A escravidão foi abolida há 123 anos, mas ainda hoje brasileiros são obrigados a trabalhar em condições degradantes. No ano passado, 2.617 pessoas foram resgatadas em operações do Ministério do Trabalho e Emprego (MTE) para erradicação do trabalho escravo – o equivalente a sete pessoas por dia. Cento e vinte casos ocorreram no Paraná.No campo, as plantações de cana-de-açúcar e erva-mate, e a extração de madeira ou carvão respondem pela exploração da mão de obra. Nas cidades, os novos escravos estão na construção civil e na produção têxtil. Em Curitiba, condições semelhantes à escravidão foram encontradas em obras financiadas pelo programa federal Minha Casa, Minha Vida.

O Sindicato dos Trabalhadores da Indústria e da Construção Civil de Curitiba e Região Metro­po­litana (Sintracon) fez duas fiscalizações neste ano em construções bancadas pelo governo. Os fiscais descobriram trabalhadores trazidos do Maranhão e do Piauí instalados em abrigos, onde ficavam amontoados e sem condições de higiene.

O Ministério Público do Tra­­balho do Paraná recebeu em 2011 ao menos quatro denúncias de trabalho degradante na cons­­trução civil na região da capital. Segundo o procurador Luercy Lino Lopes, há outros casos de trabalhadores que foram aliciados no Nordeste com falsas promessas. Os problemas vão desde a má qualidade da comida ofertada e a falta de equipamentos de proteção individual até jornadas diárias de trabalho que ultrapassam 10 horas sem pagamento de hora extra. "É um quadro de verdadeira degradância, com o avil­­tamento da dignidade", diz o procurador.

Quando o trabalhador é encon­­trado nessa condição, é feita sua retirada, com rescisão indireta dos contratos e pagamento das indenizações, verbas trabalhistas e retorno ao local de origem. Pelo artigo 149 do Código Penal, o empregador pode ser punido à reclusão de dois a oito anos. Também podem ser somados ao artigo 149, a frustração de direitos trabalhistas, apropriação indébita previdenciária e estelionato. Além disso, as empresas são inscritas na lista suja do Ministério do Trabalho, sendo impedidas de garantir financiamento do governo federal. Hoje, cerca de 120 empregadores cons­­tam nessa lista.

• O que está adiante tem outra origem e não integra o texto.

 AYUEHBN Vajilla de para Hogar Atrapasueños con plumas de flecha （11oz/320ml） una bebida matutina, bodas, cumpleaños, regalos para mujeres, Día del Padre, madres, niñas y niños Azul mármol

Lopes ressalta que, em muitas situações, as construtoras culpam empresas terceirizadas contratadas para executar o serviço. "Insis­­timos na formalização direta dos contratos de trabalho com esses empreiteiros/tomadores e, relativamente às empresas que se recusam a ajustar tal conduta, ajuizamos ações civis públicas, buscando no Poder Judiciário a responsabilização direta dessas empresas", diz. Quem geralmente assume a responsabilidade pelas verbas referentes ao resgate, é a construtora ou empreiteira principal.

Aliciamento

De acordo com o superintendente substituto do Tribunal Regional do Trabalho, Elias Martins, as fiscalizações são realizadas pela Secretaria de Inspeção do Traba­­lho, em equipes compostas por auditores e um procurador, com a proteção da Polícia Federal. O planejamento das operações é feito com base em denúncias. Segundo ele, são constantes as denúncias de "importação" de mão de obra para a construção civil. Nessas situações, existe sempre a figura do aliciador. "Ele cobra para trazer as pessoas", afirma. Martins ressalta, contudo, que nem todos os casos se configuram como trabalho escravo. "Muitas vezes, a situação é precária, mas não análoga à escravidão" diz.

Segundo a Organização Inter­­na­­cional do Trabalho (OIT), o conceito atual de escravidão exige a ocorrência de uma destas três situações: apreensão de documentos; presença de guardas armados no trabalho; e a criação de dívidas ilegais. Mas casos de semi escravidão são muito comuns.

Caixa

Segundo o Ministério das Cida­des, a responsabilidade pelo acom­panhamento das obras do Minha Casa, Minha Vida é da Caixa Econômica Federal. Por e-mail, a CEF informou que solicita os documentos necessários às construtoras responsáveis para validar as obras. A instituição ainda afirma que prevê, por contrato, o cumprimento de exigências sociais, econômicas e ambientais.

Empresas negam trabalho degradante

Denunciadas pelo Sintracon, as construtoras AM5 e Veloso negam a ocorrência de trabalho análogo à escravidão ou em condições degradantes nas obras que tocam do programa Minha Casa, Minha Vida. Am­­bas alegam contratar funcionários de outros estados em razão da falta de mão-de-obra no aquecido mercado da construção civil. Advogada da Veloso, Mariana Onofre confirma que a empresa assinou um Termo de Ajus­­ta­­mento de Conduta (TAC) e que, dos cerca de 100 funcionários do Maranhão e Piauí, apenas sete permanecem na empresa por interesse próprio. Os demais tiveram suas rescisões pagas e voltaram ao local de origem.

A AM5 vê com "constrangimento a crítica formulada pelo sindicato, pois estamos no mercado há 32 anos, sem ter enfrentado esse tipo de problema", informou a empresa em e-mail enviado à Gazeta do Povo pelo engenheiro civil Mateus Murad. A empresa informa que os alojamentos da empresa atendem as condições exigidas pelo Ministério do Trabalho. Con­­forme Murad, os trabalhadores são contratados conforme a disponibilidade. "Se existem em­­pregados de outros estados é porque migraram em busca de me­­lhores condições de trabalho e renda", diz. Na avaliação de Mariana, a falta de higiene encontrada pelo Sin­­tracon é reflexo da junção de vários homens com hábitos diferentes sob o mesmo teto. "Agora, os trabalhadores estão sujeitos às regras de higiene elaboradas por um técnico em segurança. A empresa tomou a rédea da situação", afirma.